-- YOUR ASSIGNMENT --
Go to the line that contains "Photo of property". Restate that line and each one after it exactly, through the end of the records, without pictures.

Top of DATA SUPPLIED

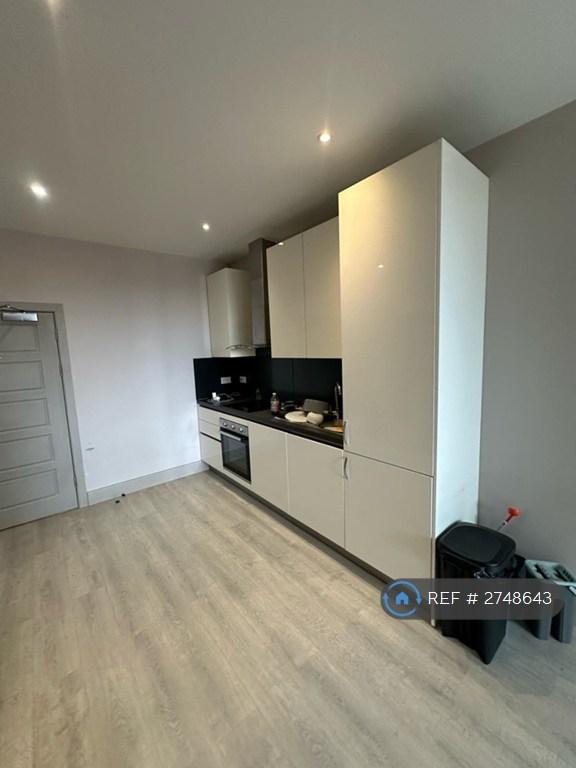 1 bedroom flat in Cube House, Stoke Mandeville, Aylesbury, HP22 (1 bed) (#2748643)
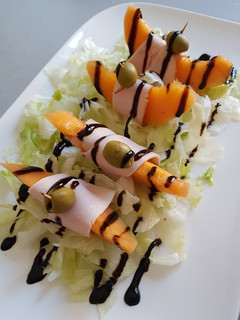 Una foto de Ensalada de melón y jamón de pavo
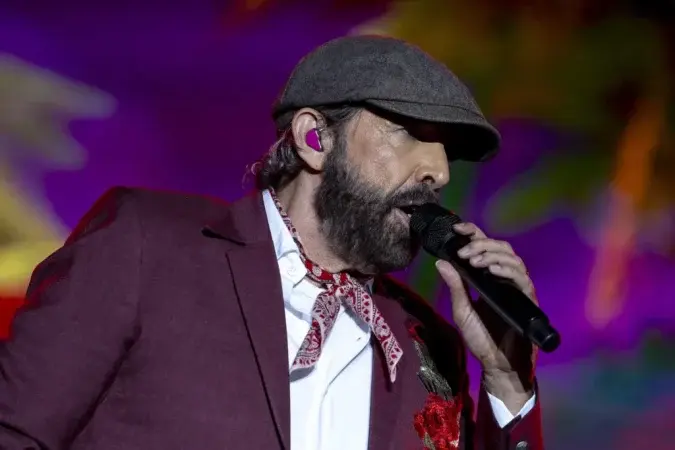 El músico y cantante dominicano, Juan Luis Guerra, durante su actuación este sábado en el Festival Río Babel que se celebra en Madrid. EFE / Daniel González.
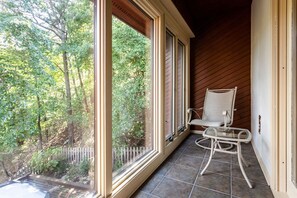 Interior - King Lodge: 5000sf 7 BR Amazing Slope Views! (McGaheysville)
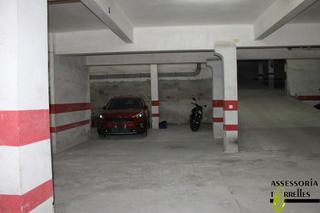 Parking voiture  Carrer d'en santiago rusinyol. ¡precio negociable!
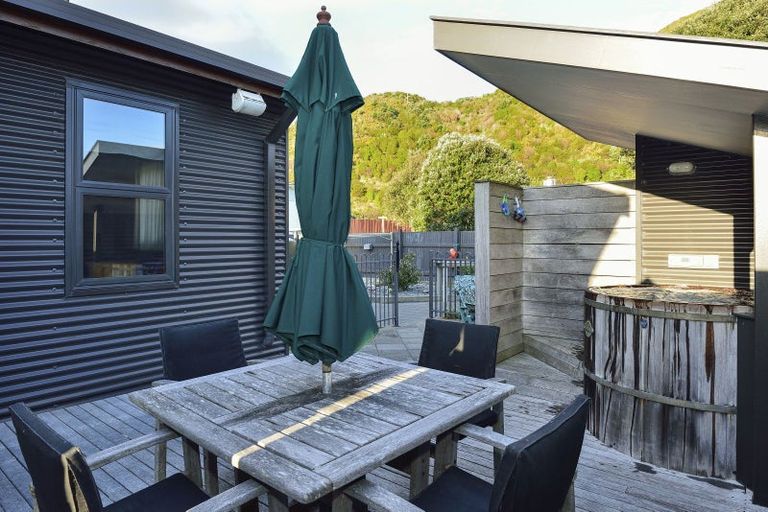 Photo of property in 39 Kuku Avenue, Mahia, Nuhaka, 4198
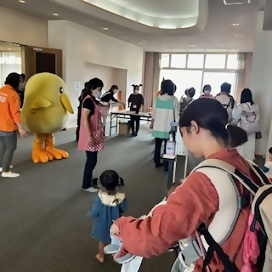 写真：入口でお出迎えするぴよか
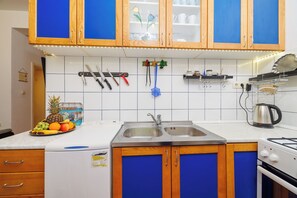 Apartment (A2) | Private kitchen | Fridge, microwave, oven, stovetop - Apartment Vlatka Grof (Crikvenica)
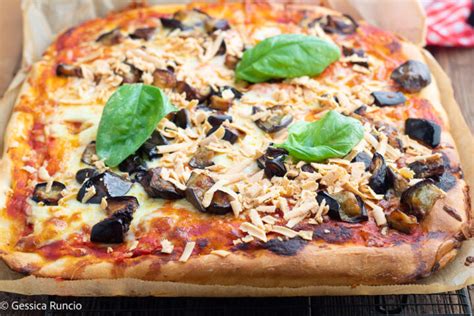 Pizza con Melanzane alla Siciliana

Bottom of DATA SUPPLIED

-- RESPONSE FOR THIS EXERCISE --
 Photo of property in 39 Kuku Avenue, Mahia, Nuhaka, 4198
 写真：入口でお出迎えするぴよか
 Apartment (A2) | Private kitchen | Fridge, microwave, oven, stovetop - Apartment Vlatka Grof (Crikvenica)
 Pizza con Melanzane alla Siciliana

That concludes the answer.